Visualizing Indego bike share usage patterns in Philadelphia

One of the many things that I love about my new home town of Philadelphia is that the government openly shares curated data sets covering most of the governmental functions. Since I recently joined Philadelphia’s Indego bike share program, I decided to start working with their bike usage data set to see what useful tools I could build.

indego-bike-share

If you’ve ever used a bike share before, you know that one of the biggest fears is coming up to an empty bike share station when you need a bike. (Or similarly, coming up to a full station when you need to drop a bike off.) To help abate those fears, I’ve started monitoring the Indego bike usage API to see if I could model and predict when the bike share stations are most likely going to be empty or full. This tool is useful in two ways:

  1. It helps the Indego users by keeping them aware of the bad times to use certain bike share stations.
  2. It helps the Indego bike share service by predicting when a particular bike share station will require service (e.g., driving a truck out to pick up or drop off a large batch of bikes).

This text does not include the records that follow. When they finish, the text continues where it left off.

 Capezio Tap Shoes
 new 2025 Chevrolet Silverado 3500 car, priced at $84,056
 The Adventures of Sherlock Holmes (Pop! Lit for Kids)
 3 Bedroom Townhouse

Undoubtedly Indego’s data science team is already performing some flavor of this model-and-predict scheme, but I thought it’d be fun to publicly tackle this problem and see how far I could get. For this post, I’ll focus on visualizing patterns in the data, and will take a stab at prediction in a future post.

Daily usage patterns

One of the first steps toward building a model that can make any sort of useful prediction is to look at the existing patterns in the data. How are Philadelphians making use of the Indego bike share program? What does a typical day look like for the Indego bike share program?

To get at those questions, I’ve been gathering the current status of each bike share station every 5 minutes since July 1, 2015. To provide some visuals of the data, I fit regressions to the usage patterns of each individual bike share station. The measure I’m using here to represent “station usage” is the percentage of a station’s docks that are filled with bikes, where 100% represents a station full of bikes and 0% represents an empty station.

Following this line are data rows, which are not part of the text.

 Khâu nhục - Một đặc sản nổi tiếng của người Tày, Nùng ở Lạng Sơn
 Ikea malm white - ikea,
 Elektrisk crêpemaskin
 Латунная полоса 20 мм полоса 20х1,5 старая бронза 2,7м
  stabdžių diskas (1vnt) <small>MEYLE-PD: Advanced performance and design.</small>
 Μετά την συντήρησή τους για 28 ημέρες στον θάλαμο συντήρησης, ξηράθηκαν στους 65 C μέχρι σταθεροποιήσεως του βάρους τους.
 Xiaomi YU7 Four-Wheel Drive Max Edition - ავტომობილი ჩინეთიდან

I’ve plotted each regression below, separated into three distinct categories:

  • Outbound commuting stations: Stations where people take a bike from home to ride to work or school.
  • Inbound commuting stations: Stations where people take a bike from work or school to ride back home.
  • Underused stations: Stations that see minimal use compared to the other stations.

daily-usage-patterns-outbound

daily-usage-patterns-inbound

As the two above plots show, many Philadelphians have adopted the Indego bike share program into their daily commute to work. Around 8 AM ET, we start to see bikes leaving several stations around town, which is followed shortly thereafter by an influx of bikes into stations at other parts of the city. Similarly around 5 PM ET, we see the reverse trend, with bikes heading back to the home stations.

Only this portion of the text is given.